The flag of Penang consists of three vertical bands and an areca-nut palm on a grassy mount in the centre. All three bands are of equal width. From left to right, the colour of each band is light blue, white and yellow.

The colours of the flag are derived from the tinctures of the coat of arms of Penang granted by King George VI in September 1949. Light blue denotes the sea that surrounds Penang Island, white represents peace and yellow for the prosperity of the state.

The areca-nut palm, known as pokok pinang in Malay, symbolises the tree from which Penang got its name. The tree and its grassy mount is centred within the middle white band.

The flag was slightly modified to its present form in 1963 by removing a torse of blue and white at the bottom of the grassy mount.

==History==
Penang did not have its own flag under the rule of the Sultanate of Kedah, prior to the arrival of the East India Company in 1786. The first known representation of Penang on a flag was as one of the three crowns on the flag of the Straits Settlements in use between 1877 and 1946. Following the dissolution of the Straits Settlements and the admission of Penang as a Crown colony within the Malayan Union, there appears to be little clarity as to what flag Penang used between the Straits Settlement dissolution in April 1946 and the eventual adoption of a blue ensign defaced by the 1949 arms. This would be replaced with final flag of the Crown colony was a blue ensign, defaced with a flag badge (Note: A flag badge refers to the emblem on British colonial flags identifying the colony.) depicting the areca nut palm, adopted as of the 17 June 1952 by the Settlement Council.

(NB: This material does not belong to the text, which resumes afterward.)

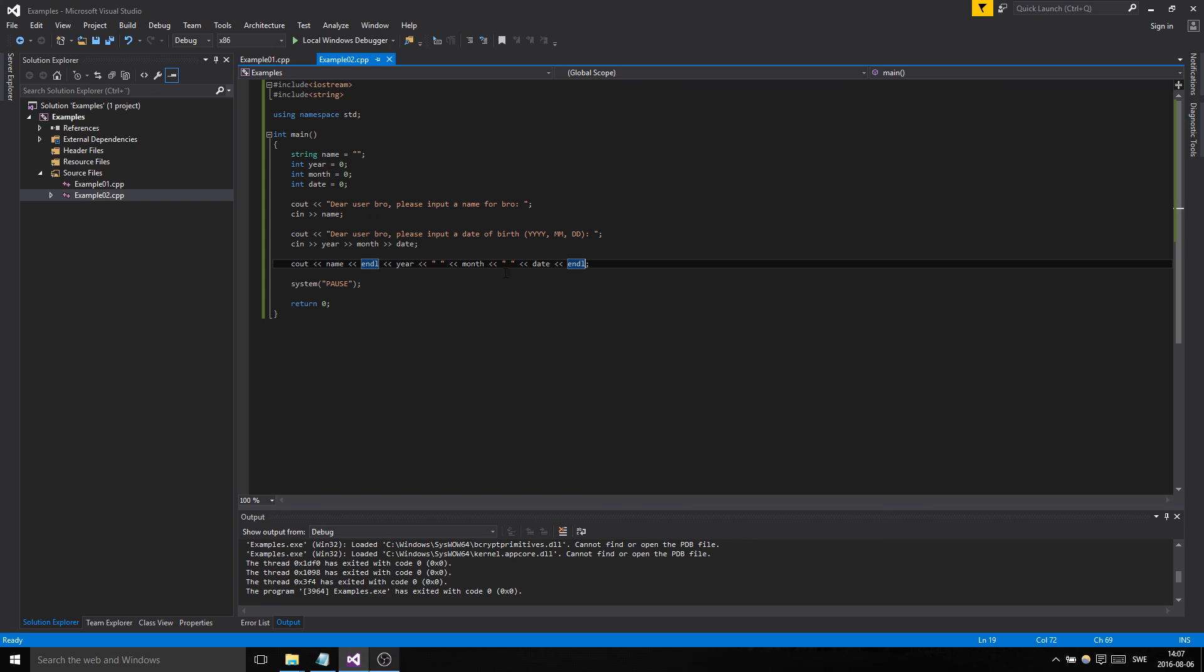So basically that's a little simple input output program that you can play around with. Very easy, these are the libraries you need and this is all the puzzle pieces you need. So I hope you learned something. I'll see you in the next video, thanks.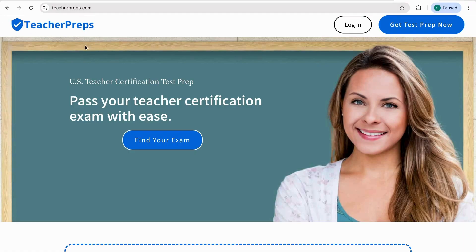You did a great job for today's video. However, if you are not feeling confident yet or you want more practice, you can always check our website teacherpreps.com or our YouTube channel Teacher Preps.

In the months preceding Malayan independence, the Settlement Government announced a competition on 17 May 1957 to design a new state flag for Penang. The winner, a C.K. Fook of 434, Chulia Street, was awarded $500 for his design on 20 August. The final modified design differed on the shade of blue submitted by Fook, but it was decided to award the prize to him regardless.

The new state flag of Penang was raised at noon on 30 August 1957 at the Padang (Note: The Sunday Standard reported that the "state flag" was flown during the ceremony. The same newspaper referred to the flag representing Malaya as the "federation flag".) in the presence of the new governor Raja Uda and the last resident commissioner Robert Porter Bingham. That evening, the Union Jack was lowered for the final time at 6:45 pm near Fort Cornwallis, George Town, marking the end of 171 years of British rule.

On 24 December 1957, nominated member Koh Sin Hock told the State Council that the flag's areca-nut palm did not resemble a real one, likening it to a coconut palm, and that he hoped a more realistic depiction could be used instead.

== Historical flags ==

Flag: Duration; Political Entity; Description
1868-1874; Straits Settlements; Adopted when Penang was part of the Straits Settlements.
1874-1904
1904-1925
1925-1946
1946-1949; Crown Colony of Penang; Identical to the Union Jack.
1949-1952; In use following the 1949 grant of arms
1952-1957; Flag badge depicting the areca nut palm tree leaved and fructed proper on a mound with a wreath of the colours of the settlement arms adopted on 16 June 1952 by the Settlement Council.
1957−1959; State of Penang; Another variant of the State Flag of Penang.

== City council flags ==

Penang is divided into two local governments. The Penang Island City Council administers Penang's capital city, George Town, and the rest of the island, while the Seberang Perai City Council governs Seberang Perai on the mainland of the Malay Peninsula.

| Local government | Penang Island City Council | Seberang Perai City Council |
|---|---|---|
| Flag |  |  |
| Municipality | George Town | Seberang Perai |

Previously, the city of George Town also had its own flag, which dated back to the grant of city status to the George Town City Council in 1957. The city council was eventually merged with the Penang Island Rural District Council in 1974 to form the Penang Island Municipal Council, which subsequently became the Penang Island City Council in 2015.